Let's look at some of the actual property tax bills in Pima County: Click's home in Tucson Country Club Estates has not increased by that much: his total tax bill climbed from $6,747 in 2012 to $7,073 in 2015, which is way less than 28 percent. Longtime county critic and Miller supporter Joe Higgins saw his total property tax bill drop from $1,551 in 2012 to $1,492 in 2015. Geri Ottoboni-Gilmore, who regularly harangues the board majority during call to the audience, saw her total property tax bill drop from $1,865 in 2012 to $1,761 in 2013 and $1,847 in 2014 before rising to $1,941 in 2015. Not exactly the "skyrocketing" tax bills that we often hear about.

But as is obvious from the above, sorting out the real impact of fluctuations in tax rates and values on the total property tax bill requires considerable explanation, which is why attack mailers based on bullshit accusations move voters and complex responses put them to sleep.

But Bronson is not without her defenders. Wading into the race on her side is none other than legendary land speculator Don Diamond, who is spending six figures on a campaign to support Bronson.

We'll find out how much of an impact any of this has on Election Day, but seeing Click battle Diamond shows how the business community is split over the future of Pima County. Besides the support of Diamond, Bronson also has endorsement of the Metro Chamber of Commerce, while the Tucson Association of Realtors and the Southern Arizona Homebuilders Association are backing DeMarco.

Why the split? Well, some members of the business community want a change at Pima County, no matter what. But others recognize that putting the highly unstable Ally Miller in a position of governing would be a disaster for Pima County and the very real momentum that is gathering in areas like the biosciences and high-tech. Those efforts are starting to pay off with announcements about relocations or expansions from companies like Caterpillar, Vector, Comcast and HomeGoods. The Arizona Office of Economic Opportunity recently reported that between July 2015 and July 2016, Pima County had 4.2 percent job growth with the addition of 15,000 new jobs.

Given that Miller has opposed and openly derided most of those efforts (including the effort to retain the county's largest private employer, Raytheon, which Miller has repeatedly voted against), many members of the business community recognize that putting her in charge would throw all of that off track. And some of them, having seen her crackpot behavior over the last four years, also recognize that she'd throw the entire county bureaucracy into chaos.

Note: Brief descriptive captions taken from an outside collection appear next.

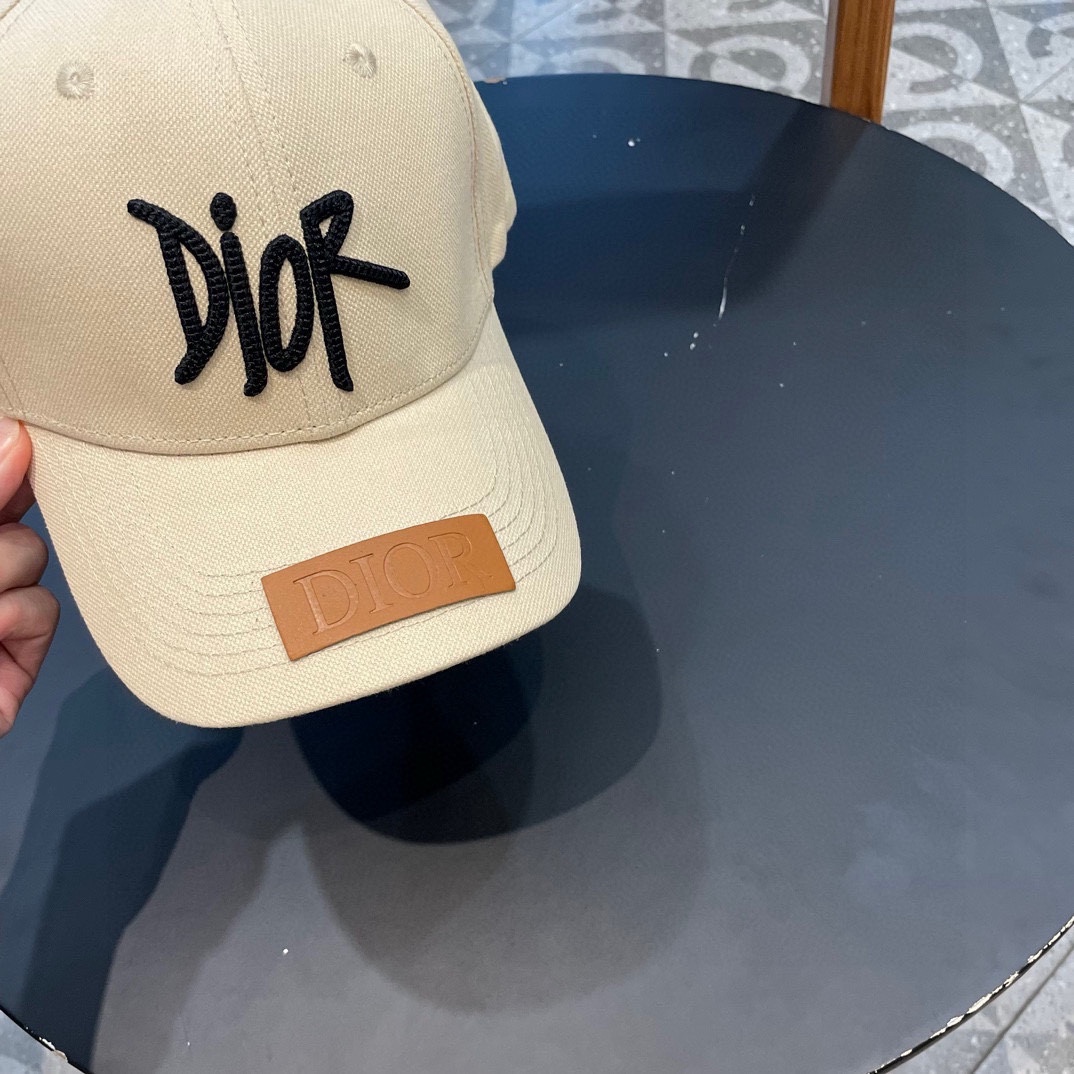  DIOR迪奥 👒，DIOR官网同步新款发布 D家棒球帽，整个帽子质感超级好，上头效果很nice，萝莉御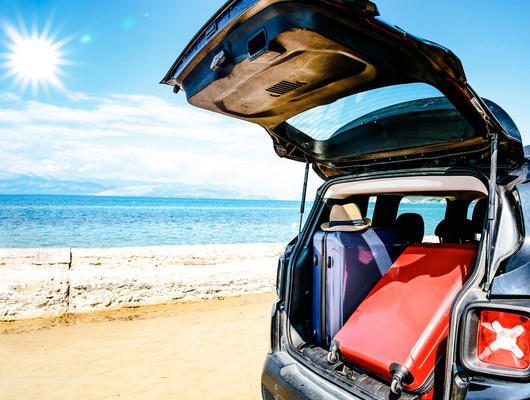 Voiture coffre ouvert valises plage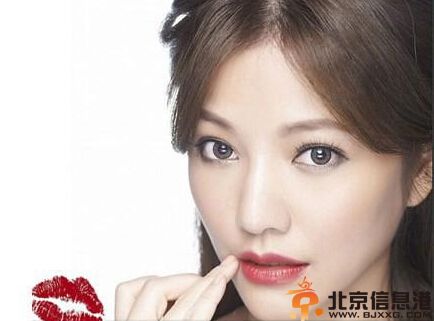 学习雾面唇妆怎么画 教你画出妩媚红唇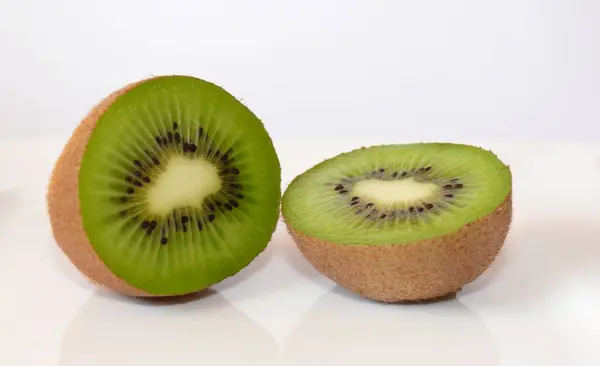 Fructe Tăiate Kiwi Fundal Alb — Fotografie, imagine de stoc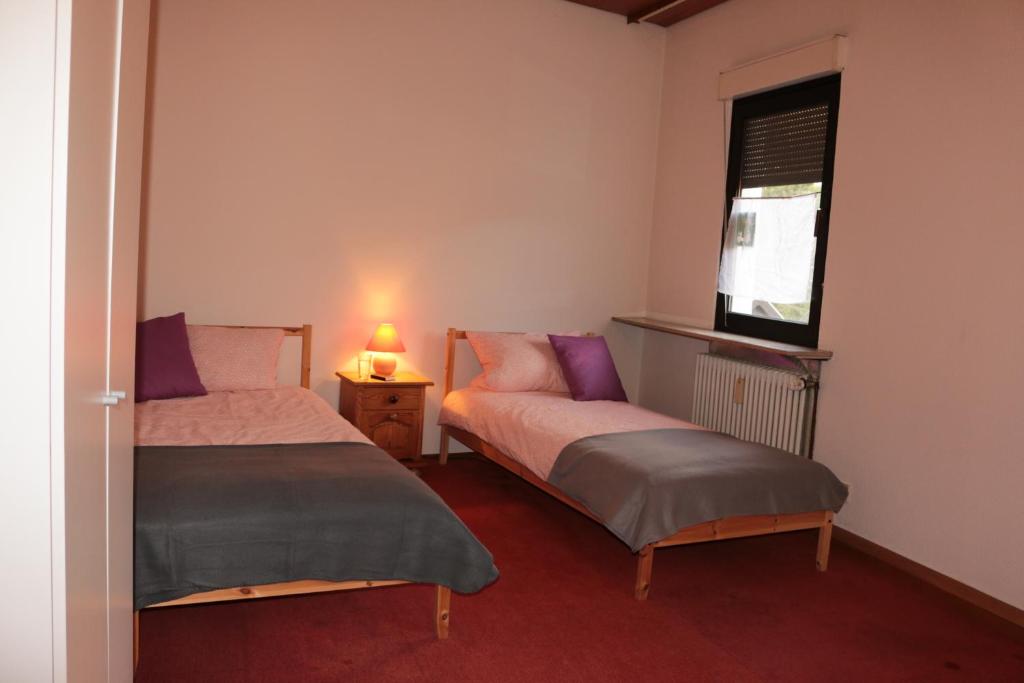 E Kurhaus Wohnung Nr 5 - Two-Bedroom Apartment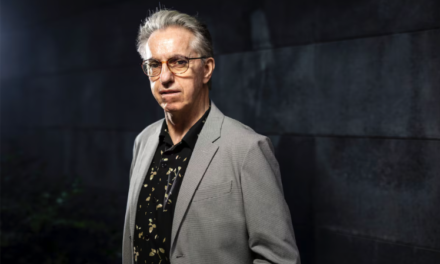 Julián Casanova, historiador: “Goebbels necesitaba ocupar países para introducir propaganda. Elon Musk necesita tres minutos”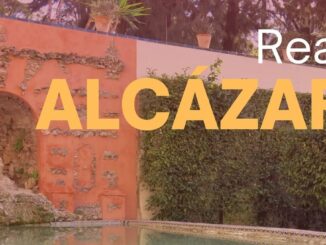 Detalle de la fuente histórica en el Real Alcázar de Sevilla con banco de azulejos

Election Day is Tuesday, Nov. 8. Polls are open from 6 a.m. to 7 p.m., so get out and vote.

Great Scott!

Guess who's back on the radio?

Veteran local broadcaster John C. Scott is returning the airwaves.

If all goes according to plan—and the last we heard, John C. was trying install some kind of framistat on the roof—the John C. Scott Show will already be airing from 3 to 5 p.m. on KEVT, 1210 AM. Scott is not only doing his own show; he's managing the entire station with a plan to program liberal talk from morning 'til night. We wish him the best of the luck with the station and expect you'll be hearing from us on the show.

We also want to wish a fond farewell to Emil Franzi's long-running Inside Track radio show. Franzi, 78, is giving up his Saturday slot on KVOI, 1030 AM. We will miss tuning into hear what the veteran political fixer and his guests are thinking, but suspect we haven't heard the last from him.

This column has been updated to reflect the correct day of Franzi's radio show.